As a rule, I crave stability. In my job, in my home, in the people I surround myself with. I like a sure thing. Unpredictability, flakiness and variables outside of my control freak me out. Too much open space or free time, which can sound awesome at times, can stress me out. I prefer structure. A schedule of activities. Lists. Things I can plan on. And I don’t like it when people change my plans unexpectedly. I can adapt to change, but I appreciate a heads-up–and really would like to be involved in the decision in the first place.
Multiple Sclerosis obviously throws a huge wrench in my plans. It goes without saying, really, but you can’t plan for MS.
So, even though I know all this, why do I let it bother me so much when my symptoms suddenly act up, like they have this week? I was doing fine. Or as fine as I’m used to, with the ever-present numbness in my right leg and a grab bag of other random, but pretty mild, symptoms. But yesterday, I noticed while taking a shower (shower water is a really great way to discover What’s New in Numbness), that my upper right thigh was also numb. Okay. Whatever. And then throughout the day, I began to notice how numb the back of my left leg was, as well as my left shin. Hold on. That’s not part of the deal. I’m willing to accept Right Leg = Numb, but my left leg is supposed to be the steady one.
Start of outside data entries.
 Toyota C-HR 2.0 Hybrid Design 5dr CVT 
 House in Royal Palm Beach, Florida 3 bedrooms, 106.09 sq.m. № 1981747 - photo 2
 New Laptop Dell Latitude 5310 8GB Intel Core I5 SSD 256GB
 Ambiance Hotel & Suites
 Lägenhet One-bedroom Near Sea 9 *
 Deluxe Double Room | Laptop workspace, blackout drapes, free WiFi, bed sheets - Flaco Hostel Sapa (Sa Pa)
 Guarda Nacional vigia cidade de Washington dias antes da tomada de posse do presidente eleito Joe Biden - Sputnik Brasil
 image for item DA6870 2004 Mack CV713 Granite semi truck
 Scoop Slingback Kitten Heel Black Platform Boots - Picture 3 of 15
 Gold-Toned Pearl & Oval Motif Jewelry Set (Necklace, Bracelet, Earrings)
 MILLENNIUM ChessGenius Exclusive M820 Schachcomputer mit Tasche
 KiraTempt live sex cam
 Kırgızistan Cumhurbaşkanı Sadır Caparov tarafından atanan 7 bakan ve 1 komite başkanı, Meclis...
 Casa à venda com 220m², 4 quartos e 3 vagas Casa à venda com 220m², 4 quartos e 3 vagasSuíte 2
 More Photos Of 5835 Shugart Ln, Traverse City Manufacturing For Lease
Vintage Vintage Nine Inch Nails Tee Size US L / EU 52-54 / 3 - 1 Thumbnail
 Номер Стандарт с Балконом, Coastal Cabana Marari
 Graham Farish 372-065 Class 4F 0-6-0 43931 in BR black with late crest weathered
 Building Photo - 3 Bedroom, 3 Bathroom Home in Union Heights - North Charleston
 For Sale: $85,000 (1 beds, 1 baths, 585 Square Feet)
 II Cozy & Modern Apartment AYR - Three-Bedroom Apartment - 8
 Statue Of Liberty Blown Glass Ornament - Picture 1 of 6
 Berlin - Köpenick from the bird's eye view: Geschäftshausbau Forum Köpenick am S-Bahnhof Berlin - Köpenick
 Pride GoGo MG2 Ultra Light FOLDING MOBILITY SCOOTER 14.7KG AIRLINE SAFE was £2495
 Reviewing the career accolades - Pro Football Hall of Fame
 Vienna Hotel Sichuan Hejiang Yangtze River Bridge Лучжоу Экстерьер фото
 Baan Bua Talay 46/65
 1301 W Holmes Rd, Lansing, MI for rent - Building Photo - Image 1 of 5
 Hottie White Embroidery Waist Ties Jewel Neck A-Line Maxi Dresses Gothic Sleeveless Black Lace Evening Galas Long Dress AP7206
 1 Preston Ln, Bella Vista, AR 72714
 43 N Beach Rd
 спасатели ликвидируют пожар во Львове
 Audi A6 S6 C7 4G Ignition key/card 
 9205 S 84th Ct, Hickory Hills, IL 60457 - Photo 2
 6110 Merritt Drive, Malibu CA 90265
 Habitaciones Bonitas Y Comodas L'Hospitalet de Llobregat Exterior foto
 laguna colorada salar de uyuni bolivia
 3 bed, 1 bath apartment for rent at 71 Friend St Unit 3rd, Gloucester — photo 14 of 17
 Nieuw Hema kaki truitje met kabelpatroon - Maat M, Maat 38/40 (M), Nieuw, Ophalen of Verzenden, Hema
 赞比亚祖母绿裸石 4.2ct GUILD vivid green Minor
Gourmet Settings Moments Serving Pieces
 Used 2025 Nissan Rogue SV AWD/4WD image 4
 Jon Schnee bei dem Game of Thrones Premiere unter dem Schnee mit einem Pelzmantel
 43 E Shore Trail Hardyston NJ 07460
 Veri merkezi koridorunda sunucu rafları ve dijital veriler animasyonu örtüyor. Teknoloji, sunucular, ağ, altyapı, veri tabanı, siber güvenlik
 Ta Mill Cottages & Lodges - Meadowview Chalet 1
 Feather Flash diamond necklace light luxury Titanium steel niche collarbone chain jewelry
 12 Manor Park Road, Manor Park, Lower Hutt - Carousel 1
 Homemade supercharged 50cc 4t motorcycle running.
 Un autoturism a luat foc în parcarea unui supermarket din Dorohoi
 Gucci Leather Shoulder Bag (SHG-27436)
I can’t have them both acting up on me. It makes walking and standing especially hard.
I wobbled through the day, clinging to and leaning on walls and countertops, staying seated during meetings and generally taking it slow. I hoped (and am still hoping) that this increase in numbness was a side-effect of the start of my Lady Time, but I’m still bothered by it because it’s not typical for my symptoms to get *this* bad in conjunction with my period (TMI? Deal with it.).
Anyway, I should know better than to worry about it. This is what happens with MS. Things change unexpectedly. There doesn’t have to be an explanation or warning signs. It just does what it does. I have no control. I know this to be true.
But three years since my diagnosis, I still resent how flaky this disease can be, like an unwelcome and inconsiderate house guest that invites friends over who drink all your beer, make a mess and stay too long. If it can’t tell me when extra symptoms are going to show up, I wish it could at least tell me how long they plan to stay. Because I really don’t want to feel like this every day forever.